The pact was announced Saturday by Kerry and Russian Foreign Minister Sergei Lavrov in Geneva after three days of talks and averts the threat of military action - for now.
 
Washington and Moscow have agreed that Syria must declare its stock of chemical weapons within a week and give up that arsenal by mid-2014. Obama Sunday defended the deal and said his policy on Syria was working.
 
"My entire goal throughout this exercise is to make sure what happened on August 21 does not happen again," he told ABC in an interview.
 
Obama was referring to a chemical weapons attack near Damascus, which Washington says killed more than 1,400 civilians. Al-Assad's regime has denied responsibility.
 
"We have the possibility of making sure it doesn't happen again," Obama said.
 
He added that a "verifiable agreement" to disarm al-Assad of his chemical stockpiles will go further than any US military action could have in eliminating the threat of their use.
 
"If that goal is achieved, then it sounds to me like we did something right."
 
Arab League head Nabil al-Arabi, meanwhile, welcomed the accord on Syria, describing it as a step towards reaching a political solution to the country's 30-month conflict, which has left more than 100,000 dead, according to the United Nations.
 
"This agreement contributes to providing better circumstances for going to the Geneva 2 conference to fulfil a political settlement of the Syrian crisis," he said in Cairo.
 
Al-Arabi was referring to a peace parley on Syria jointly proposed by the US and Russia earlier this year. No date has ever been specified for it.
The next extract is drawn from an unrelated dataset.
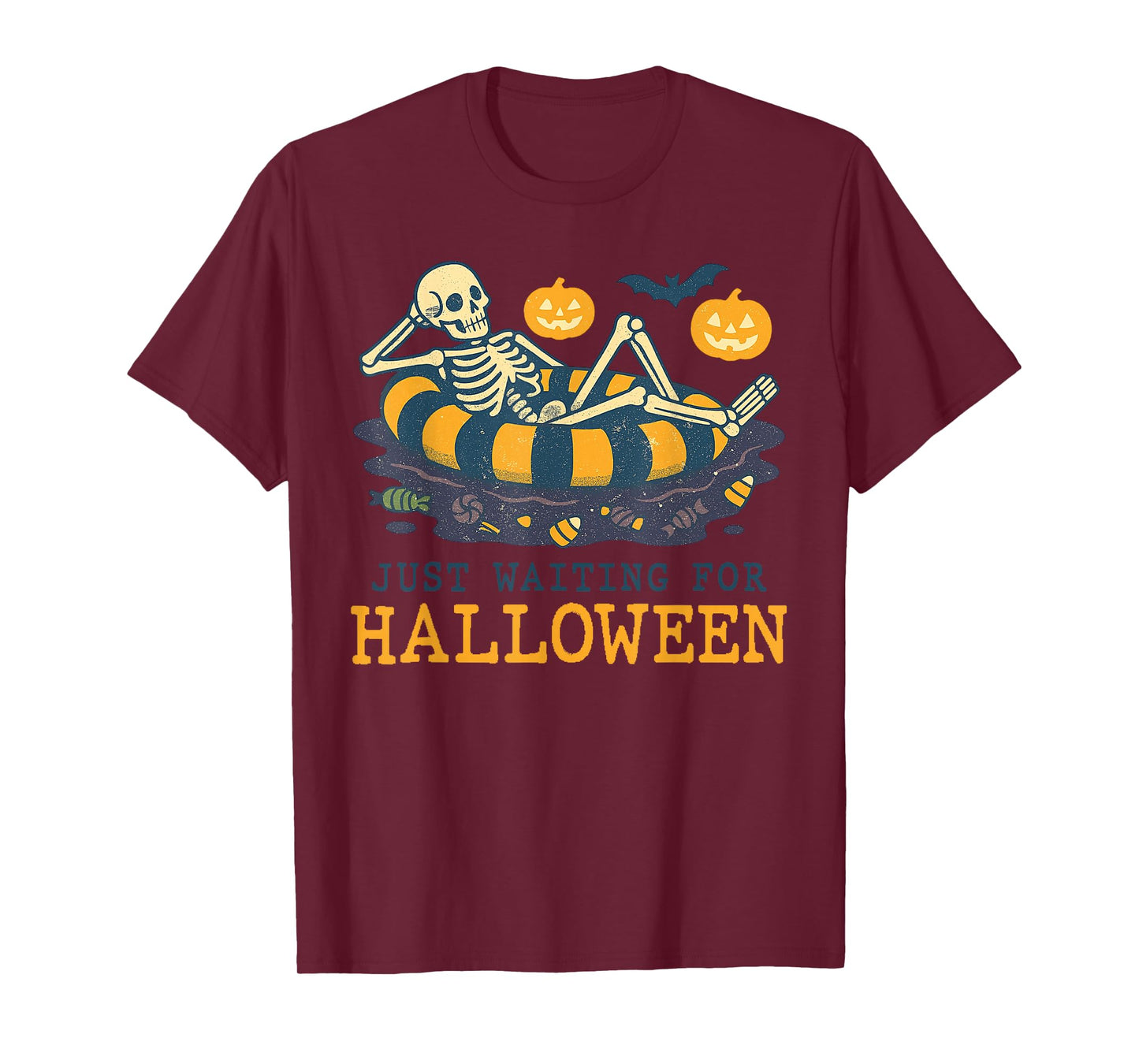 Spooky Summer Skeleton Just Waiting for Halloween T-Shirt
Chinese Foreign Minister Wang Yi told his French counterpart Laurent Fabius that his country welcomed the agreement on Syria.
 
The deal was "an important advance," Fabius told a press conference with Wang in Beijing, but still only "a first step."
 
It "raises a series of questions: How to carry out inspections? What happens if there are breaches?" said Fabius, who will meet Kerry and British Foreign Secretary William Hague on Monday in Paris to discuss the accord.
 
France is aiming for a tough resolution to enforce the pact. Fabius last week proposed a draft resolution under Chapter VII of the UN Charter - a clause that allows for military action in certain circumstances. The US later distanced itself from that version over the threat of force contained in the text, which Russia rejected.
 
Kerry and Lavrov said Saturday a Chapter VII resolution would only be considered at a later stage, if there was proof of non-compliance. China and Russia have repeatedly blocked resolutions against al-Assad in the UN Security Council, where they hold vetoes.
 
In Syria, two apparent suicide bombers were Sunday killed before managing to blow up an ambulance they were driving in a mostly Kurdish area near the border with Turkey, said a pro-opposition watchdog.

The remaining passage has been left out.